Exercise directions: The line with "X0000067470492200604211611" and each line following it, up to the final line of the data, should be set down exactly; pictures stay out.

==== Available data

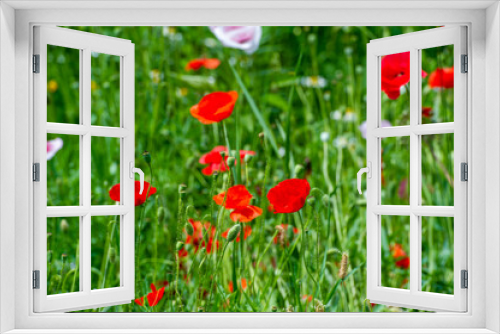 Fototapeta Naklejka Na Ścianę Okno 3D - A tapestry of wildflowers that brightens the world with joy Let these delicate flowers inspire your day with their beauty and resilience! Flower Euphoria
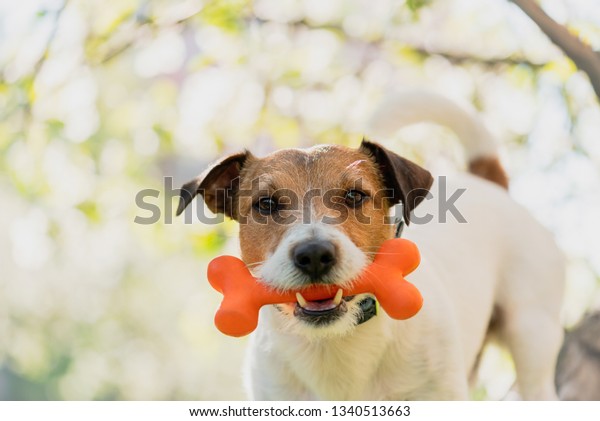 咲くリンゴの木の枝の下におもちゃの骨を口にくわえた犬 の写真素材 今すぐ編集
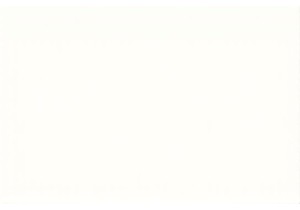 Experience the Heart of Chinese Culture at Local Markets China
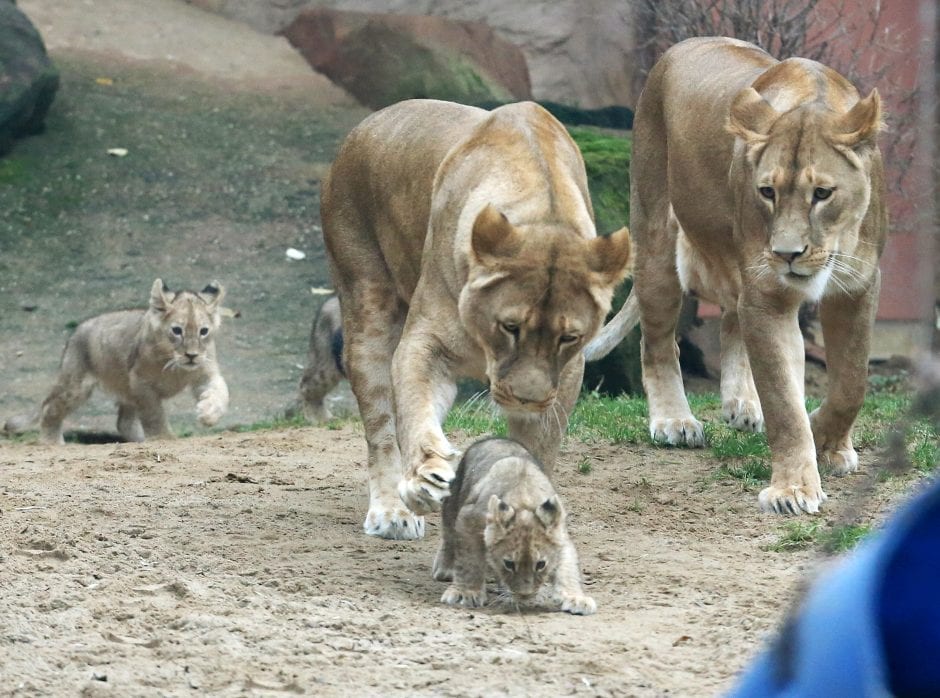 Löwenbabys Zoo Gelesenkirchen Zoom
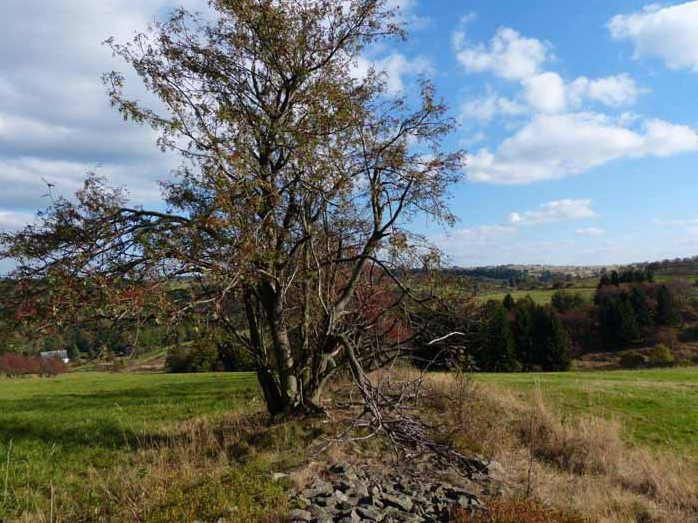 Steinrücken im Müglitzgrund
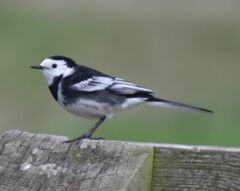 Motacilla alba yarrellii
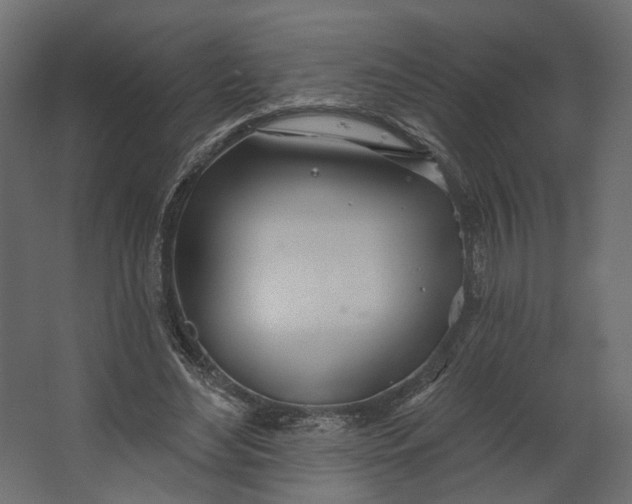 X0000067470492200604211611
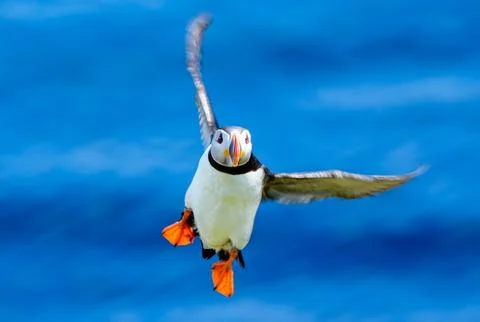Flying puffin Stock Photos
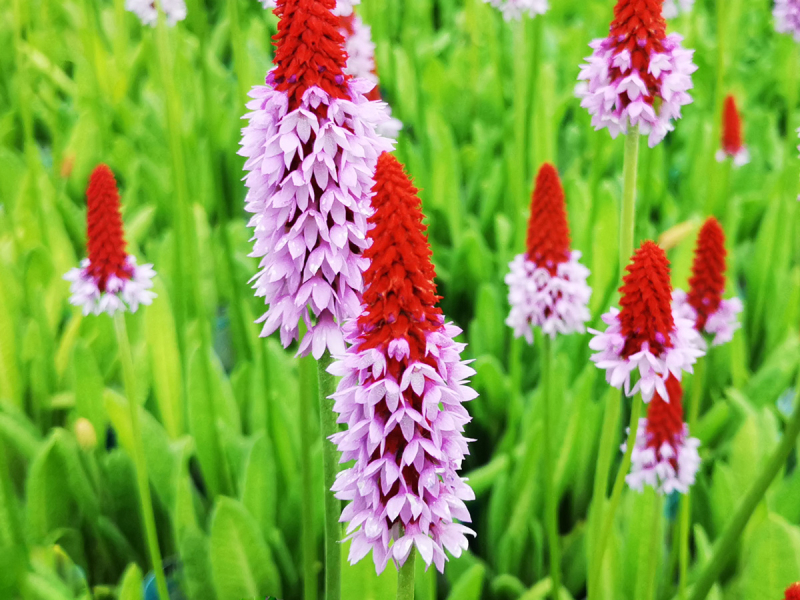 Orchideenprimel – Primula vialii
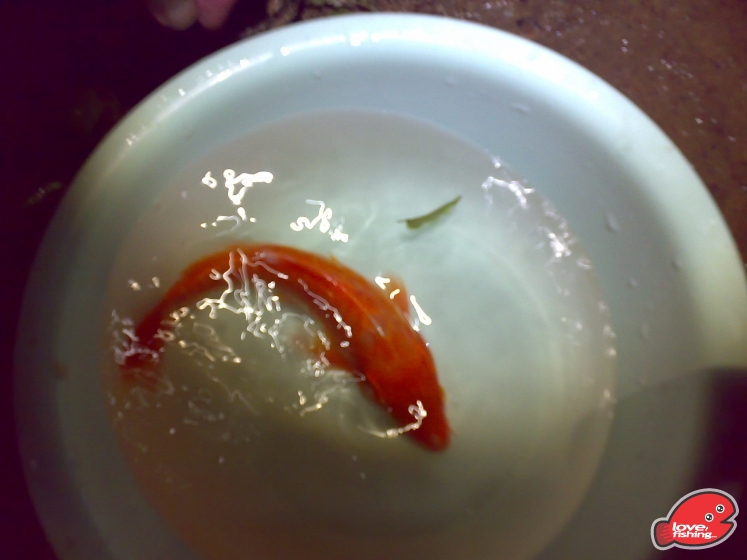 201306162134.jpg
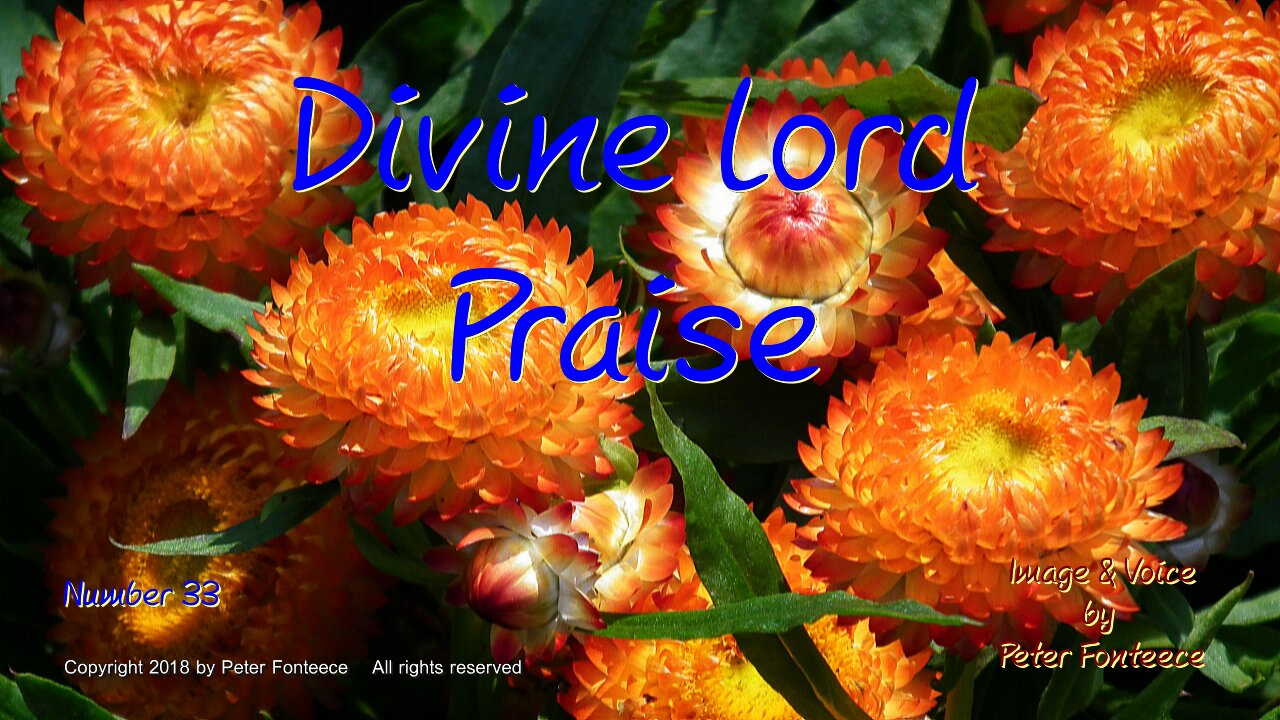 Divine Lord Praise - Number 33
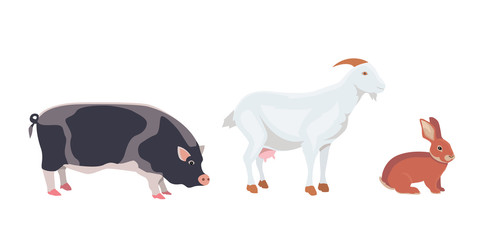 Cartoon Vector Illustration Set of Farm Animals isolated on White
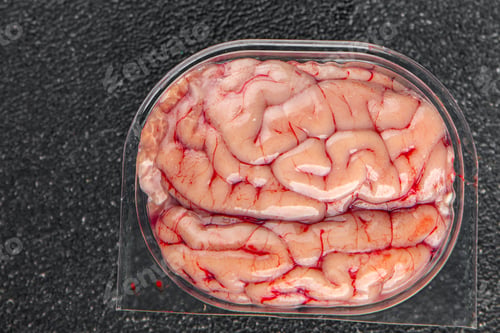 Preview: pork brains raw edible offal meat fresh food tasty fresh healthy eating cooking appetizer meal food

========

Exercise solution:
 X0000067470492200604211611
Flying puffin Stock Photos
 Orchideenprimel – Primula vialii
 201306162134.jpg
 Divine Lord Praise - Number 33
 Cartoon Vector Illustration Set of Farm Animals isolated on White
 Preview: pork brains raw edible offal meat fresh food tasty fresh healthy eating cooking appetizer meal food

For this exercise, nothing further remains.